Your current (and hopefully satisfied!) clients are the best source of e-mail addresses for your new e-mail list. By asking any current or prospective clients for an e-mail address and permission to be placed on an e-mail list, you are gaining subscribers without any need for any extra marketing efforts. These people will have already personally interacted with you as a professional, so you already have their trust. Your e-mail marketing to these individuals will keep your image fresh in their minds so that they will be referrers of your services (or brand advocates, if you want to use marketing speak) if they know of anyone else in the future who needs your help.
You can practice making your first e-mail list at http://tinyletter.com. This service makes you comfortable with the process because its interface is mostly like a web e-mail program. You upload a small list of e-mail addresses or you can manually enter e-mail addresses of people that want to receive your newsletter. Then you type a simple e-mail, send it off, and you can also send replies. Because it’s an e-mail subscription list you’re creating, but you use it like regular personal e-mail, Tinyletter is a perfect stepping stone to more professional tools.

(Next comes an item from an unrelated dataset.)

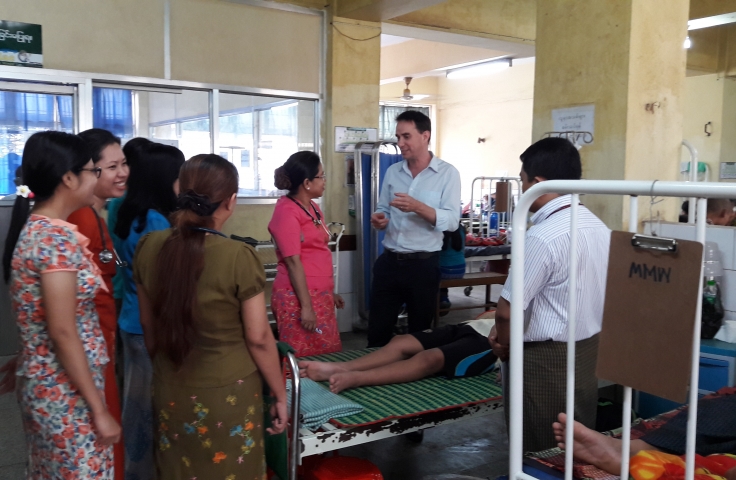 Clinicians in Myanmar in discussion in a ward.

If you want to keep a small e-mail list, but bump up the prettiness, try using https://www.smore.com next. This service is geared for making colorful online flyers that you send to recipients on mailing lists. It’s ideal for attorneys that want to use a mailing list to announce to special invitees an upcoming speaking engagement or an event that your firm is hosting or engaging in. With the free plan, you’re limited to 200 people on your list, and can only have 5 flyers at one time. For modest local gatherings that you want to promote, this is an excellent way to get the word out to people that you know. You can see a clean-looking example of a legal seminar announcement at https://www.smore.com/q51q.
Tinyletter is produced by http://mailchimp.com, and Mailchimp is a service to use when you have a larger e-mail list. The interface in Mailchimp is more like desktop publishing software, so your e-mails can be laid out in all kinds of creative ways including pieces of content you’ve already made. Advanced features offer reports that let you track your e-mails to discover what your recipients did with them and what e-mail designs get the most favorable responses. As long you have less than 2,000 subscribers and send less than 12,000 e-mails a month, the service is free. You can view a few sample e-newsletters that a law firm produced with Mailchimp at http://us4.campaign-archive1.com/home/?u=3b0e3bbd0bf183f95d731c45d&id=ff41cea705. Notice how they range in variety from one big Christmas card image to a full text newsletter. Mailchimp also produces lots of guides at http://mailchimp.com/resources/.
Integration with Gmail is the big priority with http://www.flashissue.com. With this service you can make mailing lists directly from your Gmail contacts, and design newsletters in a drag-and-drop manner from within your Gmail window. It has free features that many other e-mail service providers charge for, like the ability to track your e-mails with analytic reports. Flashissue also will automatically find and insert articles into your newsletters, based on the keywords and topics that you provide. The one drawback is that your limits on sending e-mails is based on whatever limits G-mail itself places on sending e-mails. But as you’ve seen, every one of these services places similar limitations on sending e-mails through their free plans anyway.
If you plan on eventually learning some web programming, then http://www.sendicate.net will offer you plenty of room to grow. On one hand, it will take your content and automatically format it with whatever design template you pick, the same way that old-school Microsoft Publisher will format your content in whatever template you pick. At the other extreme, if you don’t want your newsletter auto-formatted, there is a developer section at https://www.sendicate.net/docs/templates which is a reference guide on writing the code for your own templates. You can have up to 500 subscribers on the free plan. Feel free to try a few of these services, but remember to look in every service for a standard way to exporting your e-mail list to a format like csv, as Sendicate will let you do. This way, when you settle on a service that you like, you can import your subscribers from any other service you’ve tried out.
There are some big cautionary notes on venturing into coding your own newsletter e-mails from scratch. Even most regular web page programmers don’t like to make e-mails with web page code in them, because web pages that serve as e-mail newsletters have to be re-formatted in a special way to make them readable by e-mail programs. There are many sites like http://www.emailology.org that try to help developers come to terms with making e-mail newsletters look like attractive web pages, so you can see how hard it is. If you have the urge to learn a bit of web programming, it’s best to practice by adding some HTML code to one of your side sites that let you modify the code. Or, if you’re brave enough, you can eventually learn to make a few small code changes with your main web site WordPress template that you’ll get into soon enough.